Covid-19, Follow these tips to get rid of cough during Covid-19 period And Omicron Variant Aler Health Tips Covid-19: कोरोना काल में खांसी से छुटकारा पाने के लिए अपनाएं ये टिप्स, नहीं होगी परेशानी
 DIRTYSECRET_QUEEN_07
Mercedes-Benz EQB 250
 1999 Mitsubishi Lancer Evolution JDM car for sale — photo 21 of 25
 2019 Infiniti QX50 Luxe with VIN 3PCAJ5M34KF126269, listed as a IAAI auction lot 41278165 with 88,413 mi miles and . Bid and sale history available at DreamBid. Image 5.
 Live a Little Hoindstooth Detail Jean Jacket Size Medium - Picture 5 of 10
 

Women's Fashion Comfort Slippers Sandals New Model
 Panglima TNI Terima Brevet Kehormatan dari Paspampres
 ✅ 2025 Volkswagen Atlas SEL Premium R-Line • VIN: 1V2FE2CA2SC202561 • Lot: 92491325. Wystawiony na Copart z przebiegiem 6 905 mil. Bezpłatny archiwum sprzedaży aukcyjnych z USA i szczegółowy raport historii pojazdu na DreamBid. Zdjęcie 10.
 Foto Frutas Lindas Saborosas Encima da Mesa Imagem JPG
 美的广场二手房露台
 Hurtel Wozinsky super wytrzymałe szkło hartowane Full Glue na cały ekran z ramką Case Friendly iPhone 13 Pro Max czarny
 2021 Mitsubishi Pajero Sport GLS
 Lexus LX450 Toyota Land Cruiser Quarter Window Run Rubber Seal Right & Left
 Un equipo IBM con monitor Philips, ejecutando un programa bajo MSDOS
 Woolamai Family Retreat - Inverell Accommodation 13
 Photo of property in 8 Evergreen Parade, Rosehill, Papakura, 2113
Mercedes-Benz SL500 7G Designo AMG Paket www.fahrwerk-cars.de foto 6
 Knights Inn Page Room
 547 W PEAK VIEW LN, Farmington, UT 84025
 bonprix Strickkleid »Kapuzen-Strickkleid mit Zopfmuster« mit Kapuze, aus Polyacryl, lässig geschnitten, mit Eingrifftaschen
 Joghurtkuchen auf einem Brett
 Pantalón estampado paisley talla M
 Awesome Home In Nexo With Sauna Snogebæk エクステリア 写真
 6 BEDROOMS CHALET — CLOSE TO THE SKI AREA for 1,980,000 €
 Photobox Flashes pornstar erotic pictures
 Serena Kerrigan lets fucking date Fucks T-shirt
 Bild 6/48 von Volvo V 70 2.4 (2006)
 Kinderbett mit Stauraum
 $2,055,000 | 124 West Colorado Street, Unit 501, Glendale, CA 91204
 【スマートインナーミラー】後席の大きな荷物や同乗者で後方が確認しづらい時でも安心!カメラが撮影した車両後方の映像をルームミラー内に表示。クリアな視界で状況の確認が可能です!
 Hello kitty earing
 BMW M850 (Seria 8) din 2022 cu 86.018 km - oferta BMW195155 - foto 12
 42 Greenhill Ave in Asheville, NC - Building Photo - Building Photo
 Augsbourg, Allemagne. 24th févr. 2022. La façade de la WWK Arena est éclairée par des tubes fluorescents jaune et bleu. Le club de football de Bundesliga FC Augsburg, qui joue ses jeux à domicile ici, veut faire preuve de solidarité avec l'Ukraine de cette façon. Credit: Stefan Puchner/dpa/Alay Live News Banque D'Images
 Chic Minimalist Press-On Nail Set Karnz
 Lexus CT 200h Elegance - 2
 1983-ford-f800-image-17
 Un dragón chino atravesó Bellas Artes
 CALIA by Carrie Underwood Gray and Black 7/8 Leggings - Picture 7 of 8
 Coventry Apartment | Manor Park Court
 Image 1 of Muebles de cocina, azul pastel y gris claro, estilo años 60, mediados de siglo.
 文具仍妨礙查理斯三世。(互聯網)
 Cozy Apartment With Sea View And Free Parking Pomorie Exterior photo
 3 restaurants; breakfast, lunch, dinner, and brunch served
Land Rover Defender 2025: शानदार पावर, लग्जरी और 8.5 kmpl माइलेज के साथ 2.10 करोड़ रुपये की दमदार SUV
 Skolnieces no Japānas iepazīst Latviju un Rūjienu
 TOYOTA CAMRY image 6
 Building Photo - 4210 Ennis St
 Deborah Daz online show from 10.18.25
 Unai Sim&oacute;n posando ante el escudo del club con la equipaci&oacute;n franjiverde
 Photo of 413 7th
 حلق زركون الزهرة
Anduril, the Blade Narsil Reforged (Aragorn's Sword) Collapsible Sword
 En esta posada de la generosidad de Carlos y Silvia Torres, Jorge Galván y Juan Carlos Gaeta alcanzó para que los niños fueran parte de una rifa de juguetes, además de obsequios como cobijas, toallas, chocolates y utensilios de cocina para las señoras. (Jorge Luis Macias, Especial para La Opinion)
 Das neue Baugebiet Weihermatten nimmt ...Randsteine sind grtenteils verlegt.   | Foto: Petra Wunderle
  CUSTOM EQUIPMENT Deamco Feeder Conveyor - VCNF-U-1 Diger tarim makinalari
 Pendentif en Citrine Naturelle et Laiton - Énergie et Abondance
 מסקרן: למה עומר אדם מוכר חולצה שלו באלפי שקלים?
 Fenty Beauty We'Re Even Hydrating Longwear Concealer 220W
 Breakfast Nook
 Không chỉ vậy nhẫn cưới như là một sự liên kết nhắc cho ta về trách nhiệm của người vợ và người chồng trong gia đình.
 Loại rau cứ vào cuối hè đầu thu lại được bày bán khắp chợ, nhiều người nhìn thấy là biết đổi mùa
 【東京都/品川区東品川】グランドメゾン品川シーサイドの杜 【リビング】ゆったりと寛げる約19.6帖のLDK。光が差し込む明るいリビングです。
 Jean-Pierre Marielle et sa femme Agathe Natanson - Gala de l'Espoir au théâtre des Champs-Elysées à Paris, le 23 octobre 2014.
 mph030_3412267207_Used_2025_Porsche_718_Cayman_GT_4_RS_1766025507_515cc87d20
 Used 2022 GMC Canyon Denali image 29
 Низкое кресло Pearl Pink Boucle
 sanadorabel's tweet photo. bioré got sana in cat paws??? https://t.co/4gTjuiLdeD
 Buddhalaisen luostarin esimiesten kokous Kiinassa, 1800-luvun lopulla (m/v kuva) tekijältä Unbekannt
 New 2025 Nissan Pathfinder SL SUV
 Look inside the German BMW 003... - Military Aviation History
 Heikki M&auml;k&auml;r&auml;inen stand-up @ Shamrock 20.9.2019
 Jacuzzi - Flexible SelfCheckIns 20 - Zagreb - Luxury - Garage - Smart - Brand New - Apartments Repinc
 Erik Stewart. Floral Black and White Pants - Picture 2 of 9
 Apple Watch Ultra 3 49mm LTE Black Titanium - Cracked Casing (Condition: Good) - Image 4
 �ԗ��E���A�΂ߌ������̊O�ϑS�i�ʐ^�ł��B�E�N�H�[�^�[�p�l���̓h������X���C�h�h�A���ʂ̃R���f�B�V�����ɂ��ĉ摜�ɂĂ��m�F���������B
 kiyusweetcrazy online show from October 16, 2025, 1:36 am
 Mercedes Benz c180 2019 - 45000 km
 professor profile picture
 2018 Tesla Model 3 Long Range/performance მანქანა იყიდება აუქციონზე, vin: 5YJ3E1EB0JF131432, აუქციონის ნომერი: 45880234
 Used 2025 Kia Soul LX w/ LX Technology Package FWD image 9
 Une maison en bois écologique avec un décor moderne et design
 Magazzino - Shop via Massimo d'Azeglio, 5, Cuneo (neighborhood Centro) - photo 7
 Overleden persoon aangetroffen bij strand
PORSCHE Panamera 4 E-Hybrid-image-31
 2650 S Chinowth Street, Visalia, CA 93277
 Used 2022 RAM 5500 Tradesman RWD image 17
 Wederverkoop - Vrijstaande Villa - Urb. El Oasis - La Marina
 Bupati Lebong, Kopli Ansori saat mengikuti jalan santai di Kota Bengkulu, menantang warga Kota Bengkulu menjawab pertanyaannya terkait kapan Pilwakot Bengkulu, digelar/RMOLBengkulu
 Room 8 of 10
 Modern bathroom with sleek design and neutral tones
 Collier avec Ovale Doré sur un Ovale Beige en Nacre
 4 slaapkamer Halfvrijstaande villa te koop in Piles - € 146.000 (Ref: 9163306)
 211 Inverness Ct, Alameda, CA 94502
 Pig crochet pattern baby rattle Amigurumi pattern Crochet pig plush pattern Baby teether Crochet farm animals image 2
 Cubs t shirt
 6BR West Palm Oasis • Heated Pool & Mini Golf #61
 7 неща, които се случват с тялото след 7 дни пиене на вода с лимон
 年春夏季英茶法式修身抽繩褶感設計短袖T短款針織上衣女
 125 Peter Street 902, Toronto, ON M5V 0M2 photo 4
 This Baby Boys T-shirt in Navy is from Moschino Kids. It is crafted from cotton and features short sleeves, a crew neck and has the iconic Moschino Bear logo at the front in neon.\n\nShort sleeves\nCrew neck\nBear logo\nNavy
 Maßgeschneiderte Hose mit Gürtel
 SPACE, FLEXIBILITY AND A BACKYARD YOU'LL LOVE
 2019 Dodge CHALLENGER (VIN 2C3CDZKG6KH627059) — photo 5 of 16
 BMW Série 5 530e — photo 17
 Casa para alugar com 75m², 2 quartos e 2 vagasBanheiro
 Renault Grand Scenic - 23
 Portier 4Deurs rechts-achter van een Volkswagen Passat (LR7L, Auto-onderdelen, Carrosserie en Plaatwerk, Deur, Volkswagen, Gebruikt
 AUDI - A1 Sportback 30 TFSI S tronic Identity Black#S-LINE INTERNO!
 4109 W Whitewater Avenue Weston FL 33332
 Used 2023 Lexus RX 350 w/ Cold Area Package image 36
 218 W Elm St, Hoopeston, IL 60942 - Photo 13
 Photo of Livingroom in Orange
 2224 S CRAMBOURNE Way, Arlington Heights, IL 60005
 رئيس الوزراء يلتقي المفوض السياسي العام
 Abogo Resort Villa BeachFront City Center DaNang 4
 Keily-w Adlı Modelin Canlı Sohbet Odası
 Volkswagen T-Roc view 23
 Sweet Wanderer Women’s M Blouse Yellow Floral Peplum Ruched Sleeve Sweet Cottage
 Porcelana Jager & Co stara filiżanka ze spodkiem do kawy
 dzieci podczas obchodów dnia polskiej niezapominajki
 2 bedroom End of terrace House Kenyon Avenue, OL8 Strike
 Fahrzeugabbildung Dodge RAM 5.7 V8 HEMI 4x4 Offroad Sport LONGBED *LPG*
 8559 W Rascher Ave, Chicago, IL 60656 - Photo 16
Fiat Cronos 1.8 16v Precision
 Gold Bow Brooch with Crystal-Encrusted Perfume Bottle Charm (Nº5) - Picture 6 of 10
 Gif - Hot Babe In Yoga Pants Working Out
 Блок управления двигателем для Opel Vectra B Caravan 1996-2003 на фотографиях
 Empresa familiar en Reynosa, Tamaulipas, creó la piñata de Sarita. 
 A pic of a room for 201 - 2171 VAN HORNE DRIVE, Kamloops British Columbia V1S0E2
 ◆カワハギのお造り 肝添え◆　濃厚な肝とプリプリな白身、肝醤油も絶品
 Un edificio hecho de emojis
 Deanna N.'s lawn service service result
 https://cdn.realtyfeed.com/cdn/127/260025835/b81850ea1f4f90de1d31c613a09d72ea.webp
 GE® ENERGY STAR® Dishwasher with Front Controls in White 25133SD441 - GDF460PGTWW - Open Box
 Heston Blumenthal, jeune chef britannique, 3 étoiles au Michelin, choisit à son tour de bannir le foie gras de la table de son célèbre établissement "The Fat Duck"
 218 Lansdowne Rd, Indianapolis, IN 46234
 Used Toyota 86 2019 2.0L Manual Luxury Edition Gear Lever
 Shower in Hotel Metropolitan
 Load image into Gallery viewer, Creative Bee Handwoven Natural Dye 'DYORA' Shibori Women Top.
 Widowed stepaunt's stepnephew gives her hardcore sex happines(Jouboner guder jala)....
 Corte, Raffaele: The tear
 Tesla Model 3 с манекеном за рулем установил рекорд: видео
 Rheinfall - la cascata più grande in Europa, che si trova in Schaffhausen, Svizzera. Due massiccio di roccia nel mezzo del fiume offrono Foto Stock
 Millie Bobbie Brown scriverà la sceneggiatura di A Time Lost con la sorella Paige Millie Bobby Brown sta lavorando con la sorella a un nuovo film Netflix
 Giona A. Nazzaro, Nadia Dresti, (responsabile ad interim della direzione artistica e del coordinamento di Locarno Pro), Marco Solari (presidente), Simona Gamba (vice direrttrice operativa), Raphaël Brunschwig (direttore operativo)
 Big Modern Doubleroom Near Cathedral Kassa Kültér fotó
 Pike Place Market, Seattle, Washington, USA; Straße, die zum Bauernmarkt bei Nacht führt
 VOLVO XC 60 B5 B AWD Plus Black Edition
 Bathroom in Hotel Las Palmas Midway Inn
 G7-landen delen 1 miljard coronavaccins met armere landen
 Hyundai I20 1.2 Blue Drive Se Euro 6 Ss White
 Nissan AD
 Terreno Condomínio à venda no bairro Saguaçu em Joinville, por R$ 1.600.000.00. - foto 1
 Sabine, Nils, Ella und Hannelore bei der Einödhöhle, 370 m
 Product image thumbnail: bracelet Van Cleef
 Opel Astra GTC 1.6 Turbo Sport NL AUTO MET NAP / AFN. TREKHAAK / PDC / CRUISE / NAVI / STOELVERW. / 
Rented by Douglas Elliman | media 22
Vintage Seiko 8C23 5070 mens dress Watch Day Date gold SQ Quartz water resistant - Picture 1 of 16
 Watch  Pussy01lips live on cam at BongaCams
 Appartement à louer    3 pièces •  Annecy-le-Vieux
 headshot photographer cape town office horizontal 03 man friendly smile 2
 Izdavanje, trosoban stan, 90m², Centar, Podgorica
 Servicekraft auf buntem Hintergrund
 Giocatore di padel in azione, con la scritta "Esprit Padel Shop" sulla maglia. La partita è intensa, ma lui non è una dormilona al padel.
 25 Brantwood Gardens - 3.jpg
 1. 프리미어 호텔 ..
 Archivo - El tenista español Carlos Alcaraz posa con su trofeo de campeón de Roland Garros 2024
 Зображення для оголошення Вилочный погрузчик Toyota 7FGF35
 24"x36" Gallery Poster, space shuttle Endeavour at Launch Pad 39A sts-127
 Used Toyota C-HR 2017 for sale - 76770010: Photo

..............................

▶ Work required
Identify the lines of the entries containing the string "https". Copy each such line.

▶ Output of the task
 sanadorabel's tweet photo. bioré got sana in cat paws??? https://t.co/4gTjuiLdeD
 https://cdn.realtyfeed.com/cdn/127/260025835/b81850ea1f4f90de1d31c613a09d72ea.webp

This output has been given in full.